_Work to complete_:
Copy exactly, beginning with the line holding "Мужская футболка Кошачьи объятия" and ending with the final line of the data beneath this task; copy nothing else, and leave out every picture.

_Exercise input_:
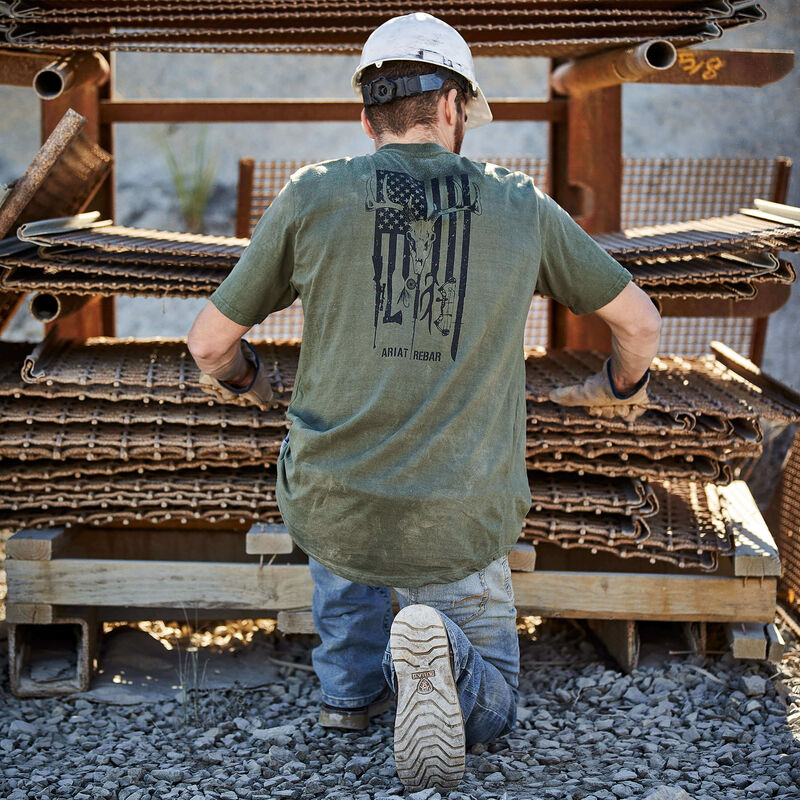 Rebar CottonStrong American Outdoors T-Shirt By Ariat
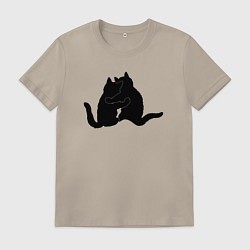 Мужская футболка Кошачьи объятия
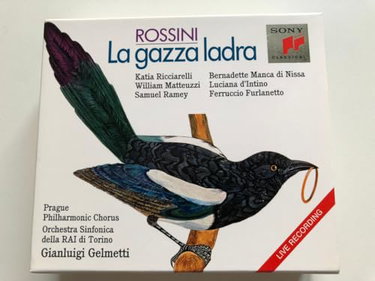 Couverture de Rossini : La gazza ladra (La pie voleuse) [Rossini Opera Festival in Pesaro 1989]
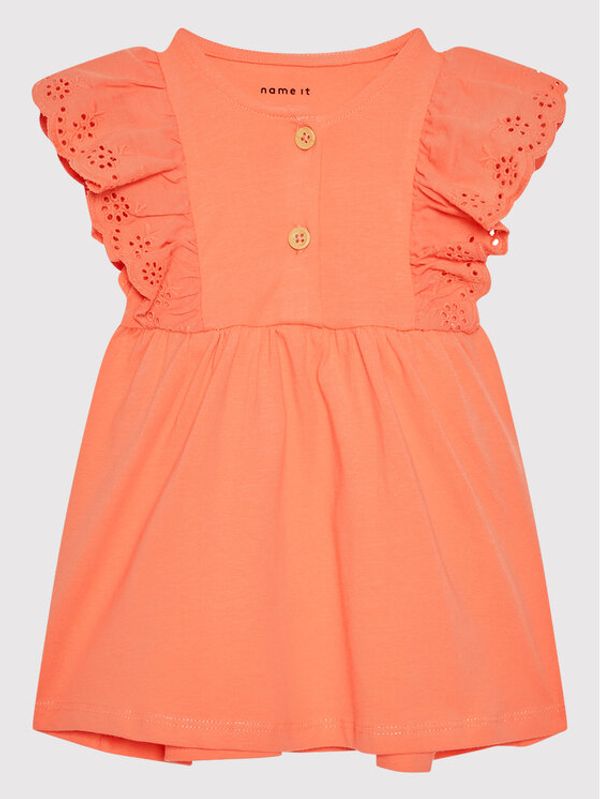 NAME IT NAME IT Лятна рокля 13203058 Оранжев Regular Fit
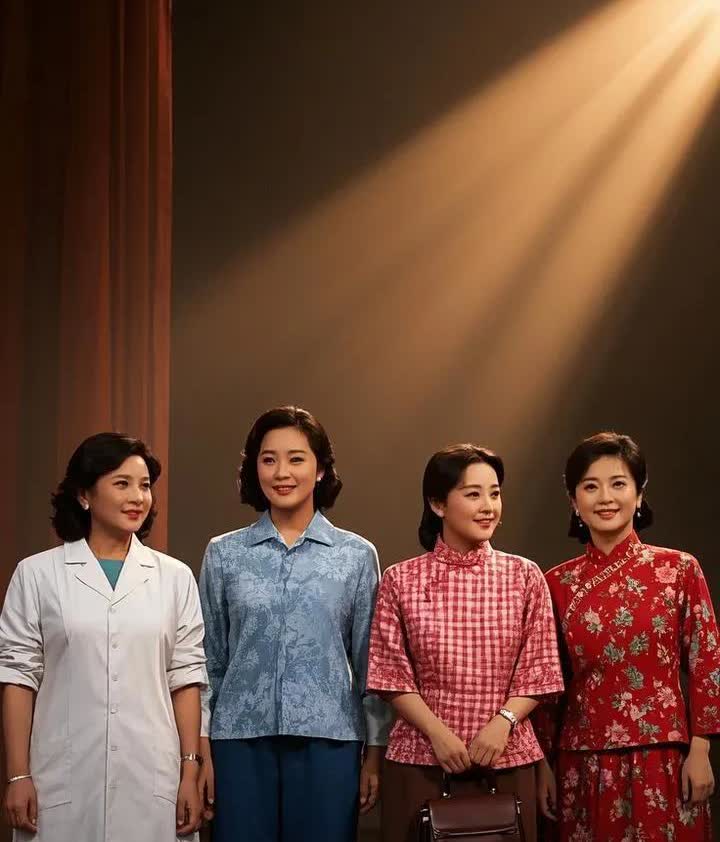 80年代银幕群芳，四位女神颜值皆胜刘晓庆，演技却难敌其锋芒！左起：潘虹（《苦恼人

_Output for this exercise_:
 Мужская футболка Кошачьи объятия
 Couverture de Rossini : La gazza ladra (La pie voleuse) [Rossini Opera Festival in Pesaro 1989]
 NAME IT NAME IT Лятна рокля 13203058 Оранжев Regular Fit
 80年代银幕群芳，四位女神颜值皆胜刘晓庆，演技却难敌其锋芒！左起：潘虹（《苦恼人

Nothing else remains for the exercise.